I even tried to rerun the mitgcm case and it succeed. But I just can't make the CICE to run successfully which really makes me frustrating.

Hearns__John · ‎03-17-2020

I would try running the code with 2 processes but only on the login node - ie run it in an interactive session with np-2

Also set I_MPI_DEBUG=5 before you run the code

The next step if that work is to run between two compute nodes

PrasanthD_intel · ‎03-17-2020

Hi Wang,

Could you please provide the GitHub link of the CICE code you are working, so that we can reproduce from our side.

Also please provide the steps you are following and the environmental details (like OS, Compiler, Hardware) of your system.

Thanks

Prasanth

xiong__wang · ‎03-19-2020

Hearns, John wrote:
Also please tell us a little about the HPC cluster which you are using.
I think the answer is to install CICE on a shared sotrage are which you have access to.
Runnign codes from the /home directory is normally a bad idea on HPC clusters
(This depends of course - if the /home is on a fast parallel filesystem what I said does not apply)

Hey John.

What I am currently using is a small server.
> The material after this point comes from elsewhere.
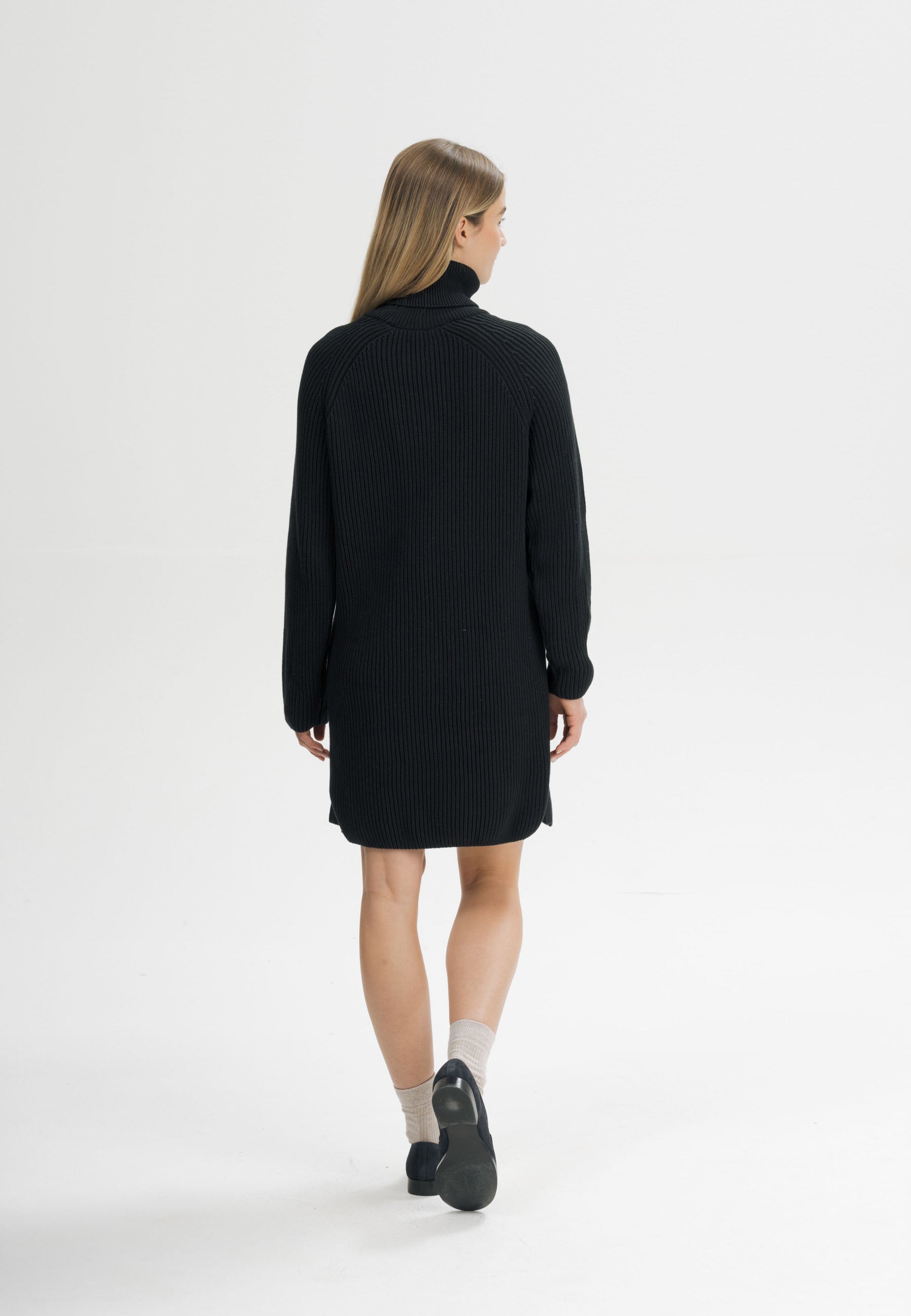 MELA womens vegan Dress Rib Knit Turtleneck Arunika Black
And here is what I got from 'lscpu'

"

Architecture: x86_64
CPU op-mode(s): 32-bit, 64-bit
Byte Order: Little Endian
CPU(s): 112
On-line CPU(s) list: 0-111
Thread(s) per core: 2
Core(s) per socket: 14
Socket(s): 4
NUMA node(s): 4
Vendor ID: GenuineIntel
CPU family: 6
Model: 79
Model name: Intel(R) Xeon(R) CPU E7-4830 v4 @ 2.00GHz
Stepping: 1
CPU MHz: 2001.000
BogoMIPS: 3999.91
Virtualization: VT-x
L1d cache: 32K
L1i cache: 32K
L2 cache: 256K
L3 cache: 35840K
NUMA node0 CPU(s): 0-13,56-69
NUMA node1 CPU(s): 14-27,70-83
NUMA node2 CPU(s): 28-41,84-97
NUMA node3 CPU(s): 42-55,98-111

"

Below is what I got from 'pbsnodes'

"

node01
state = free
np = 112
ntype = cluster
status = rectime=1584627510,varattr=,jobs=,state=free,netload=1049588601,gres=,loadave=62.00,ncpus=112,physmem=264605084kb,availmem=309521516kb,totmem=331724648kb,idletime=687823,nusers=4,nsessions=8,sessions=11365 11369 42732 42765 42843 59303 90588 101768,uname=Linux node01 2.6.32-696.el6.x86_64 #1 SMP Tue Mar 21 19:29:05 UTC 2017 x86_64,opsys=linux
mom_service_port = 15002
mom_manager_port = 15003

node02
state = free
np = 36
ntype = cluster
status = rectime=1584627470,varattr=,jobs=,state=free,netload=465920164,gres=,loadave=22.01,ncpus=36,physmem=132250420kb,availmem=192346396kb,totmem=199369952kb,idletime=1483530,nusers=3,nsessions=4,sessions=5401 5405 25630 30630,uname=Linux node02 2.6.32-573.el6.x86_64 #1 SMP Thu Jul 23 15:44:03 UTC 2015 x86_64,opsys=linux
mom_service_port = 15002
mom_manager_port = 15003

"

xiong__wang · ‎03-19-2020

Hearns, John wrote:
I would try running the code with 2 processes but only on the login node - ie run it in an interactive session with np-2
Also set I_MPI_DEBUG=5 before you run the code

The next step if that work is to run between two compute nodes

Hello John.

I followed your advice and tried to run the job with an interactive session and 2 processors.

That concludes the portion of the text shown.